Network Analysis of R. L. Stevenson and the ’45

 

I’m starting to work on my talk for the Seattle MLA on Stevenson, Oliphant, and Victorian constructions of the Scottish “Rising” of 1745. Of particular interest is the seven-year gap between Stevenson’s Kidnapped and Catriona — a sequel that picks up Kidnapped at the instant it closes. They are vastly different novels — the protagonist in each, David Balfour, is catapulted from a Highland Bildungsroman to a sensational romance and political intrigue novel, complete with radically different characterizations of David. I thought one way I might take a look at this is to examine the network of characters in each novel, as a way to focus upon large structural differences. (I used Gutenberg ebooks, translated into TEI xml using the XSLT transformations described in an earlier post, and the Meandre OpenNLP and Protovis implementations to perform entity extraction and produce the force-directed graphs, linking characters that appear within three sentences of each other):

Characters in Kidnapped (1886); Force-Directed Network Graph


Characters in Catriona (1893); Force-Directed Network Graph

The graphs largely confirm what might be expected; whereas Alan Breck plays a dominant function in “Kidnapped” — both as David’s companion and as the motive force of the plot, he is counterbalanced in Catriona by James Stewart (the man who will ultimately die in his place for the murder of Colin Campbell). In both texts, David, (as an explicit second and third-person character, rather than narrator), plays a peripheral role. But it is significant that David’s chief function in Catriona seems to be mediating the relationship between James Stewart and the juridical and social offices of the Grant family. Visually, in Catriona, Stewart’s capture by the Edinburgh-based agents of the Union maps onto his imbrication in the network of connections that represent the Hanoverian succession. It’s also interesting to note that Catherine Drummond (Catriona), appears much closer to James Stewart, due to her attempts to intercede with the Lord Advocate, than her own father, James More, a duplicitous agent for the crown.

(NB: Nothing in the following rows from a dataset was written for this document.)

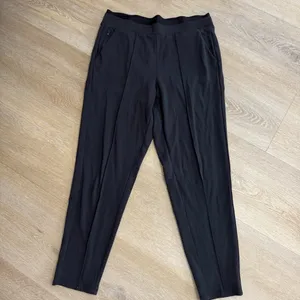Athleta Black Venice Pintuck Pant thumbnail 2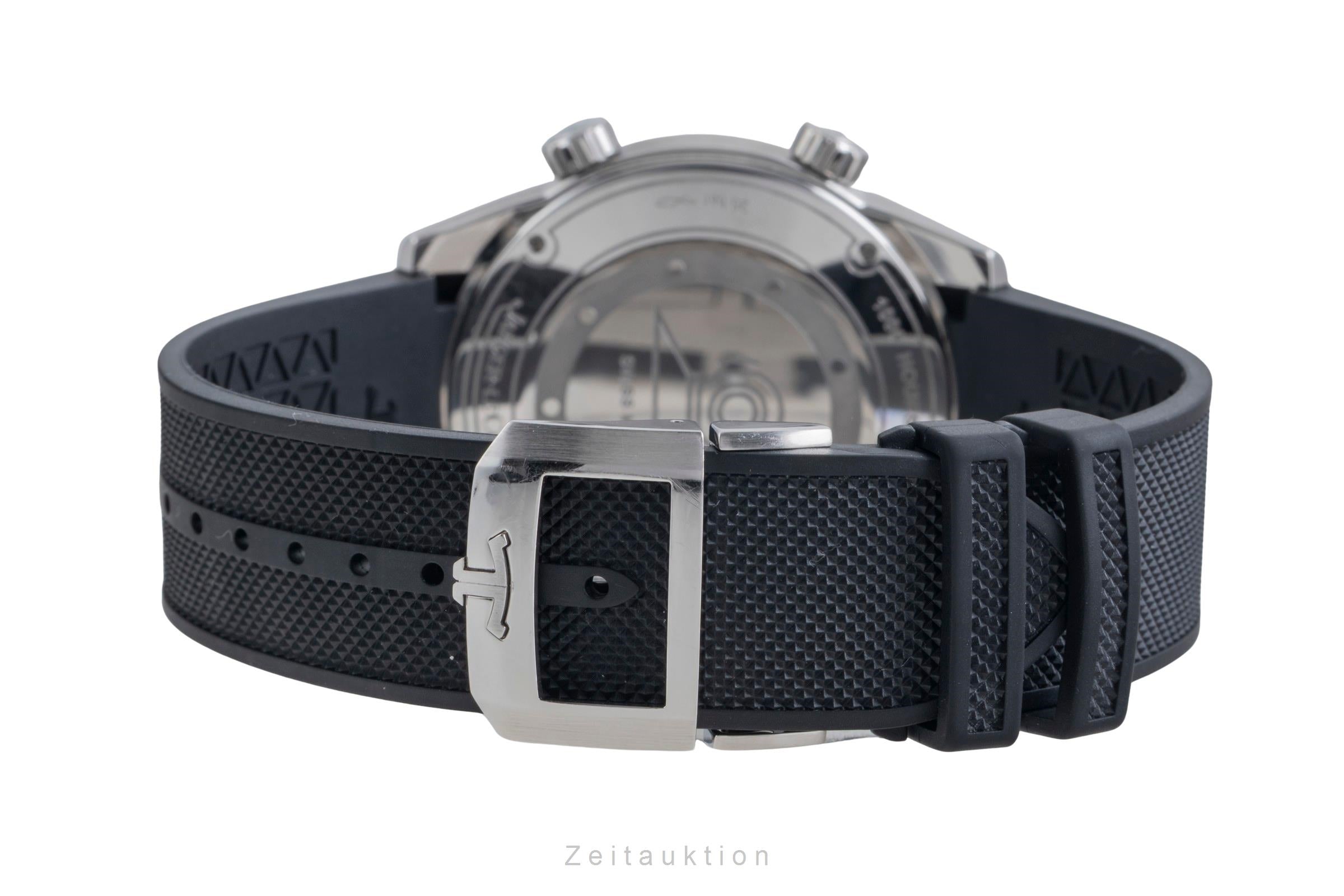 Jaeger LeCoultre Polaris Stahl Automatik Ref Q9068670 842.8.37 Box & Papers 2020 [2507062]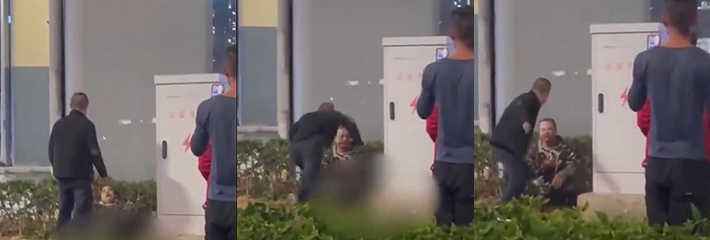 广西南宁 一男子持刀捅伤另一名男子胸部 随后再次往胸口要害补刀 造成受害者重伤不治身亡！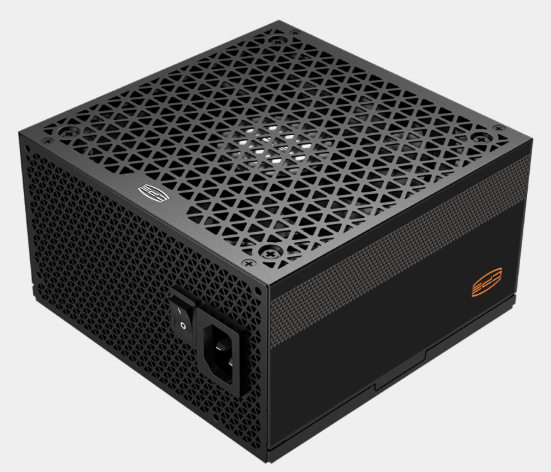 Фото PCCooler YK1000, 1000W, ATX3.1/PCIe5.1, APFC, 80+ Bronze, 13.5cm Fan, Non-Modular (P5-YK1000-B1H)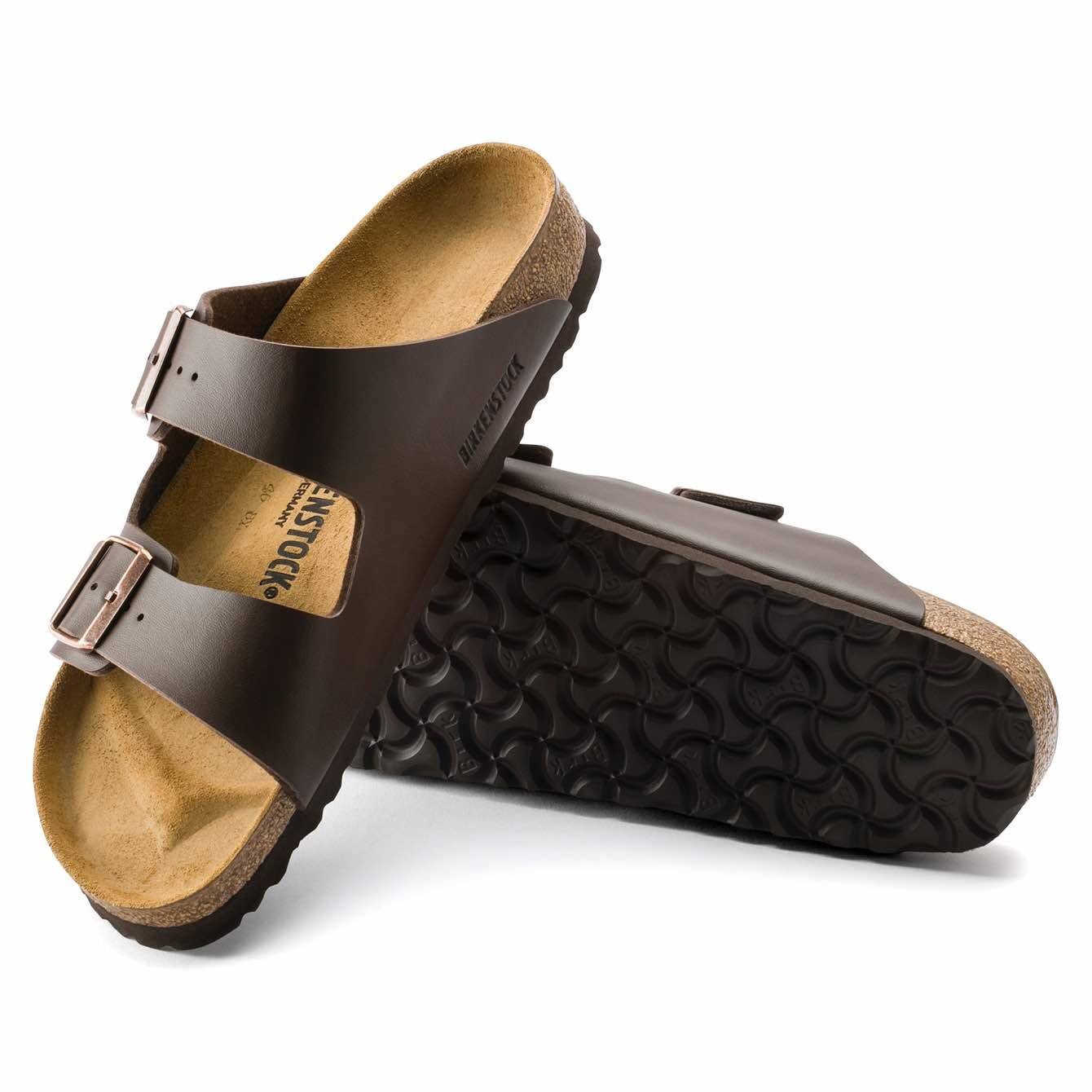 Birkenstock Arizona Birko-Flor Slides Birkenstock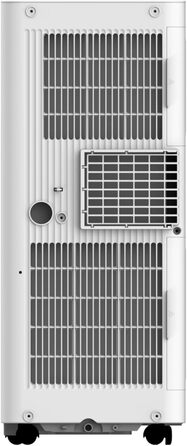 Мобільний кондиціонер Comfee Breezy Cool Pro 2.0, 7000 BTU, 2kW, охолодження, вентиляція, осушення, керування через додаток, для кімнат до 68 м³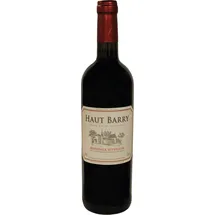chateau haut barry Château Haut Barry Bordeaux Supérieur 2024 0,75 l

Similarly, location analysis for Catriona paints a representative picture of the political space of the novel; France, as the location of Charles Stewart’s court in exile, emerges closer to both Scotland and the Highlands than England (locations that appear within fifteen sentences of each other are linked):

Locations in Catriona (1893); Force-Directed Network Graph

Compare this to the geopolitical network that appears in a Scotch novel written in the eighteenth century (Smollett’s Humphrey Clinker):

Locations in Humphrey Clinker (1771)

The density of the network in Humphrey Clinker (I actually had to reduce the window of connection for Smollett’s novel from 15 to 12 sentences because of the number of connections), emphasizes the international and even global character of polite culture in the late Enlightenment. At the center of the network, England, Scotland and Edinburg are closely coordinated in a fashion that suggests the easy grafting of the British Union on to the international dimensions of a culture of letters. For Stevenson, on the other hand, the project of historical inquiry into national origins serves to heighten and clarify national difference, both within and without Britain.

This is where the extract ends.